In fact, it turns out that one can choose $\delta$ continuously in terms of $\varepsilon$. More precisely, the following result holds true : If $f:E\to F$ is a continuous map between two metric spaces $E$ and $F$, then there is a continuous function $\delta:E\times (0,\infty)\to (0,\infty)$ such that, for all $(x,y,\varepsilon)\in E\times E\times (0,\infty)$, $$d_E(x,y)<\delta(x,\varepsilon)\implies d_F(f(x),f(y))<\varepsilon\, . $$
I read this several years ago in an American Math. Monthly article, but I can remember neither the title of the article, nor the name(s) of the author(s). It would be nice if someone could give me the reference...

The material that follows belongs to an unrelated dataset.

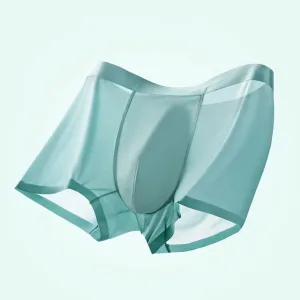 Slip Boxer homme Vert, ultra-fin sans couture, U convexe,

Here is one way of proving this result. Consider the set $$C=\{ (x,y,\varepsilon)\in E\times E\times (0,\infty);\; d(f(x),f(y))\geq \varepsilon\, . $$
Since $f$ is continuous, $C$ is closed in $E\times E\times (0,\infty)$ (endowed with the product topology), and clearly $(x,x,\varepsilon)\not\in C$ for any $(x,\varepsilon)\in E\times (0,\infty)$. It follows that if we fix a metric $\rho$ on $E\times E\times(0,\infty)$ (compatible with the product topology), then ${\rm dist}_\rho \left((x,x,\varepsilon),C\right)>0$.
We take for $\rho$ the metric
$$\rho((x,y,\varepsilon), (x',y',\varepsilon'))=\max(d_E(x,x'),d_E(y,y'),\vert\varepsilon-\varepsilon'\vert) $$
and we define $\delta :E\times (0,\infty)\to (0,\infty)$ by
$$\delta(x,\varepsilon)={\rm dist}_\rho \left((x,x,\varepsilon),C\right) $$
Then the dunction $\delta$ is continuous, and it is straightforward to check that it has the required property. Indeed, if $x,y\in E$ and $\varepsilon >0$, then $d_E(x,y)=\rho((x,x,\varepsilon), (x,y,\varepsilon))$ by the definition of the metric $\rho$. Hence, if $d_E(x,y)<\delta(x,\varepsilon)$, then $(x,y,\varepsilon)\not\in C$ by the very definition of $\delta(x,\varepsilon)$, i.e. $d_F(f(x),f(y))<\varepsilon$.